While the bulk properties of h-BN nanoplatelets have been studied in the literature [7,8,9,10], there is a notable gap in understanding how intrinsic factors, particularly sample purity and accessible surface area, can influence their thermal stability and oxidation resistance properties. Both purity and surface area seem to be critical parameters in determining the performance and applicability of BN materials in general, as hinted in previous research studies [6,11], yet their precise roles remain under-explored. Notably, Wang and colleagues [11] studied BN nanosheets, nanoplates, and nanocrystals of various crystallinities and surface areas, observing higher thermal stability and oxidation resistance for the BN nanostructures with higher crystallinity and lower surface area. Kostoglou and co-workers reported a higher oxidation resistance temperature for non-porous, low-surface area, and high-purity h-BN nanoplatelets [5] compared with nanoporous, high-surface area, and high-purity h-BN nanoplatelets [6]. Zhu et al. [12] synthesized nanoporous and high-surface area h-BN flakes, which exhibited comparable oxidation resistance to the high-surface area BN materials presented by Wang et al. [11] and Kostoglou et al. [6]. Therefore, combining the observations of these studies suggests that BN materials with lower porosity and surface area tend to exhibit enhanced thermal stability and oxidation resistance.

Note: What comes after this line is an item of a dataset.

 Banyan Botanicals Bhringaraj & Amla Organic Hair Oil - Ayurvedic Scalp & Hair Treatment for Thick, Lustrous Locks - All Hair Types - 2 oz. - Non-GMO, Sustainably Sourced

This study endeavors to bridge the gap in comprehending the impact of purity and surface area on the thermo-oxidative behavior of BN materials by systematically investigating three h-BN powders composed of nanoplatelets, produced with different levels of purity and variations in surface area (by two orders of magnitude), through a combination of advanced characterization techniques and high-resolution thermal analysis. The h-BN nanoplatelets were synthesized by a two-step thermal treatment of boric acid and urea mixtures under inert and oxidizing gas atmospheres and were thoroughly characterized for their morphology, microstructure, purity, surface chemistry, elemental composition, skeletal density, pore structure, and surface area by scanning electron microscopy (SEM), X-ray diffraction (XRD), Fourier-transform infrared radiation (FT-IR), X-ray photoelectron spectroscopy (XPS), helium (He) pycnometry and nitrogen (N₂) adsorption/desorption measurements at 77 K. Their thermal stability and oxidation behavior were studied by combining thermal gravimetric analysis (TGA) and differential scanning calorimetry (DSC) under a controlled oxidizing environment. A commercially available h-BN material of high purity and low surface area (~4 m²/g) was also characterized and employed for reference purposes. Last but not least, this research aims not only to deepen our understanding of BN nanoplatelet behavior in high-temperature oxidizing environments but also to elucidate the underlying mechanisms driving their performance. The following sections detail the synthesis methods and analytical techniques employed in this study, followed by a discussion of the characterization results and their implications in the broader context of BN nanomaterial research.

2. Materials and Methods

2.1. Commercial BN Reference

A BN powder of 99.5% purity and an average particle size of 10 μm, according to its technical specifications, was purchased from GoodFellow Cambridge Ltd. (product code B516011/9; Huntington, UK). This sample was used as a reference high-purity BN material in this study and is hereafter denoted as BN-GF.

2.2. Synthesis Method

Three different BN powders were prepared by adapting the synthesis method introduced by Matovic and co-workers [6,13], specifically by employing three distinct annealing temperatures. In a typical synthesis procedure, three mixtures of boric acid (H₃BO₃; Zorka Šabac Co., Šabac, Serbia) and urea (CO(NH₂)₂; Fisher Scientific, Waltham, MA, USA) with molar ratios of 1:5 were dissolved in ethanol (C₂H₆O) and stirred for 3 h using a magnetic stirrer. This particular molar ratio was selected to optimize the BN synthesis and enhance the reaction yield through the presence of a nitrogen-rich environment, as supported by stoichiometric considerations and empirical evidence. After drying in air at 80 °C, the three obtained powders were annealed at 750, 800, and 850 °C, respectively, under an inert N₂ atmosphere for 16 h using a heating rate of 4 °C/min. After cooling down to room temperature, all three powders were then calcined in air at 600 °C for 2 h using a heating rate of 10 °C/min with the aim to burn off any remaining organic matter and to oxidize and eliminate any B-containing compounds, except BN, still present following pyrolysis. Next, the powders were centrifuged five times (i.e., four times in H₂O and once in C₂H₆O) for 5 min at 4200 rpm to remove any residual impurities. The residues were then dried again in air at 80 °C, and the three versions of BN powders were obtained, denoted hereafter as BN-V1 (annealed at 750 °C), BN-V2 (annealed at 800 °C) and BN-V3 (annealed at 850 °C), respectively.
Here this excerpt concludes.